最後まで国内ブックマッチの灯りをともし続けたのは、株式会社日東社(兵庫県姫路市)。1973年(昭和48年)から現在までの約49年間にわたり、製造を続けました。製造のきっかけや生産終了の理由について、日東社の小林さんに話を聞きました。
--製造のきっかけを教えてください。
【小林さん】 もともと海外からきたもので、スタイリッシュで斬新な印象があったからだと思います。ほかのマッチ製造会社と同じくらいの時期に製造を開始しました。ちなみに、英語表現では「Matchbook」が主流のようです。
--おもにどのような業種の方が利用されたのでしょうか。
【小林さん】 SNSの写真を見ても、あらゆる業種や企業の方が使用していたと思われます。弊社ですとギフトショップのほかに、消耗品として飲食店やホテル関係への流通が多いように思います。昭和57年(1982年)のピーク時には、1年間に1万1000マッチトン(※1)を生産しました。
--なぜ生産を終了されたのでしょうか。
【小林さん】 需要減です。ブックマッチは広告宣伝(喫茶店や飲食店で無料で配布する)がおもな用途だったため、喫煙人口の減少や電子タバコの普及、受動喫煙防止法により喫煙場所が減ってしまったことが原因で需要が減ったと考えられます。
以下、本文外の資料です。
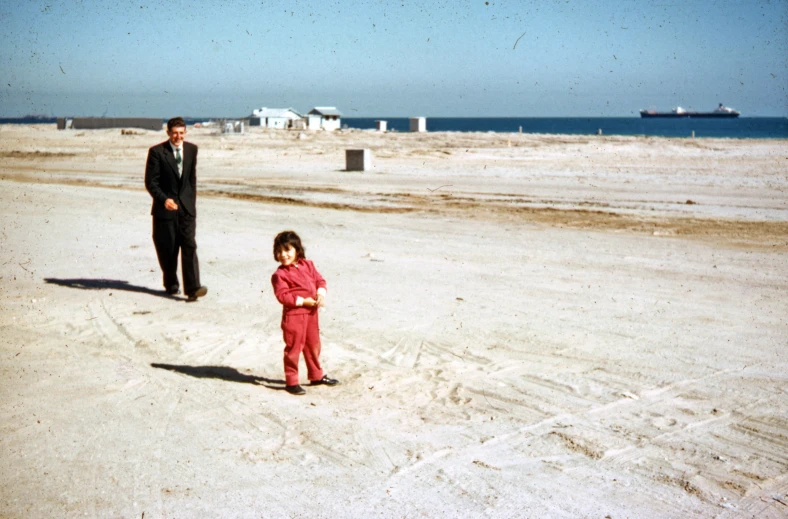 there are two people standing in the sand by the ocean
現在では、広告配布物としての役目は名入れライターやポケットティッシュに変化し、さらに、WEBサイトやSNSなどを活用した集客方法の変化も関係していると推測されます。日本燐寸工業会調べによると、令和3年度は25マッチトンにまで落ち込みました。
--ブックマッチの魅力は?
【小林さん】 箱型マッチとの一番の相違点として、カバーの内側にも印刷スペースがあるので広告用に便利だったのではないでしょうか。広告用ポケットティッシュが市場にあふれるまでは、チラシ代わりに、20本×1列のものがその時代ごとの広告としてたいそう使われていたとのこと。また、大手ホテルチェーンやチェーン居酒屋などでは客室用に6本型、10本型などがよく使われていました。箱型マッチと比べると、スタイリッシュで携帯に便利だったとも言われています。